■ **Information supplied**

# # # # #

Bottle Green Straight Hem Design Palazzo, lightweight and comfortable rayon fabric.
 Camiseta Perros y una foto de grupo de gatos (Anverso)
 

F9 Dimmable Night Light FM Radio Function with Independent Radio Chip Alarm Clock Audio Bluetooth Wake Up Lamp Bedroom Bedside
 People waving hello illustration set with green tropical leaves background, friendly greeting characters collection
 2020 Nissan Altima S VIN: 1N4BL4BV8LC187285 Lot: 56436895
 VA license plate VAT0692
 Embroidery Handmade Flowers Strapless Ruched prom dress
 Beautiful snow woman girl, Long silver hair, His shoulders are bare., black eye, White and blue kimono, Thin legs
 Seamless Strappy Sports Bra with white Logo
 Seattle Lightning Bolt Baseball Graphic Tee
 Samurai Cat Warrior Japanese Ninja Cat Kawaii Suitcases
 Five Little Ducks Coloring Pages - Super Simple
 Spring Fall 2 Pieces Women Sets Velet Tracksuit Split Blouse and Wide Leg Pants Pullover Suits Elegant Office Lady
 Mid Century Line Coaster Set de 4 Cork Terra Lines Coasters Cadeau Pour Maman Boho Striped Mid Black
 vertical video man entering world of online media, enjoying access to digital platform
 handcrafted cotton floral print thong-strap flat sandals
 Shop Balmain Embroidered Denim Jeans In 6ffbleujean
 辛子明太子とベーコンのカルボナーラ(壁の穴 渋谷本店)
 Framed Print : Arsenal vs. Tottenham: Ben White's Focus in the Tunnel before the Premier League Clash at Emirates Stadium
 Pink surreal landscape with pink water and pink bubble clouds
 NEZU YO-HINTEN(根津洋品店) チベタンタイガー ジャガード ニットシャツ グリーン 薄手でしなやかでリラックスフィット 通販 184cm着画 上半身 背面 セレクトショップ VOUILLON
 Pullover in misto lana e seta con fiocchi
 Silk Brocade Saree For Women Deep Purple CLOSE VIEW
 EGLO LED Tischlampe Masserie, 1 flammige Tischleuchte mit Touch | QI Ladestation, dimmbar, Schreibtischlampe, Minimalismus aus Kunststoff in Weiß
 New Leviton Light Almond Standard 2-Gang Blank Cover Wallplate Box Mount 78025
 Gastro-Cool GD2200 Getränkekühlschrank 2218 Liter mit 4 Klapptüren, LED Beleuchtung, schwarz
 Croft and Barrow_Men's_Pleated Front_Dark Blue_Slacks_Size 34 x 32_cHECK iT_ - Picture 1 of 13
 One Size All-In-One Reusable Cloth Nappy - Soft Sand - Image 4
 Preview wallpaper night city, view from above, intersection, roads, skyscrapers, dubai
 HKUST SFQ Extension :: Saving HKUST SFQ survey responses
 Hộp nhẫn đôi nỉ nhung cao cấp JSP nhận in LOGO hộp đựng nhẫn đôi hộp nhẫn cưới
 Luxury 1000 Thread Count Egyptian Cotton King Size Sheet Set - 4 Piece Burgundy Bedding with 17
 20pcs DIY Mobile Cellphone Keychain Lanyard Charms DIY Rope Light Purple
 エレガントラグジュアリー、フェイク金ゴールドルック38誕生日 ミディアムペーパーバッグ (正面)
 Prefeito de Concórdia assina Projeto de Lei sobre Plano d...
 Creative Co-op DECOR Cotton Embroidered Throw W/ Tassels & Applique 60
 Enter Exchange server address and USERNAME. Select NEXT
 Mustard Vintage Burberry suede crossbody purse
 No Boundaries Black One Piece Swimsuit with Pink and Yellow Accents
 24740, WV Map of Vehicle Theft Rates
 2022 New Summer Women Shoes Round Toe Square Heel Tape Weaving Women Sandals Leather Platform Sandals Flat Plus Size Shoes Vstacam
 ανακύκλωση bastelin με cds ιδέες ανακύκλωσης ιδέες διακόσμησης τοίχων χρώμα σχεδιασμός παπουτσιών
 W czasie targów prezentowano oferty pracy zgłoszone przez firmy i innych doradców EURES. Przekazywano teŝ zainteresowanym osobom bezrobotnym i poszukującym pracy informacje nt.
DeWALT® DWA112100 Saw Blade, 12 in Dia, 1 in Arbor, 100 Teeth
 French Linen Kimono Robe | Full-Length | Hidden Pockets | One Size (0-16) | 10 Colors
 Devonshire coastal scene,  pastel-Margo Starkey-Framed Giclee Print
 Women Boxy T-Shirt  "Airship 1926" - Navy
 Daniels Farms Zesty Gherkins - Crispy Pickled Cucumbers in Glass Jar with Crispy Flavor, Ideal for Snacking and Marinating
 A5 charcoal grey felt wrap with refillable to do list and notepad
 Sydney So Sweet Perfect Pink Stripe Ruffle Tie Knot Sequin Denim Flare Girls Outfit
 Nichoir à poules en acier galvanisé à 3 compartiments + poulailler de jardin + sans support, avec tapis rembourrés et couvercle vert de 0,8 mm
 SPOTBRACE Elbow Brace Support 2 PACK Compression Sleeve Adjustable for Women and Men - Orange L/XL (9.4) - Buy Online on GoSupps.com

# # # # #

■ **Work task**
From the entries above, restate word for word the lines from the line containing "Spring Fall 2" to the line containing "Silk Brocade Saree", both ends included, and nothing more.

■ **Answer to this problem**
 Spring Fall 2 Pieces Women Sets Velet Tracksuit Split Blouse and Wide Leg Pants Pullover Suits Elegant Office Lady
 Mid Century Line Coaster Set de 4 Cork Terra Lines Coasters Cadeau Pour Maman Boho Striped Mid Black
 vertical video man entering world of online media, enjoying access to digital platform
 handcrafted cotton floral print thong-strap flat sandals
 Shop Balmain Embroidered Denim Jeans In 6ffbleujean
 辛子明太子とベーコンのカルボナーラ(壁の穴 渋谷本店)
 Framed Print : Arsenal vs. Tottenham: Ben White's Focus in the Tunnel before the Premier League Clash at Emirates Stadium
 Pink surreal landscape with pink water and pink bubble clouds
 NEZU YO-HINTEN(根津洋品店) チベタンタイガー ジャガード ニットシャツ グリーン 薄手でしなやかでリラックスフィット 通販 184cm着画 上半身 背面 セレクトショップ VOUILLON
 Pullover in misto lana e seta con fiocchi
 Silk Brocade Saree For Women Deep Purple CLOSE VIEW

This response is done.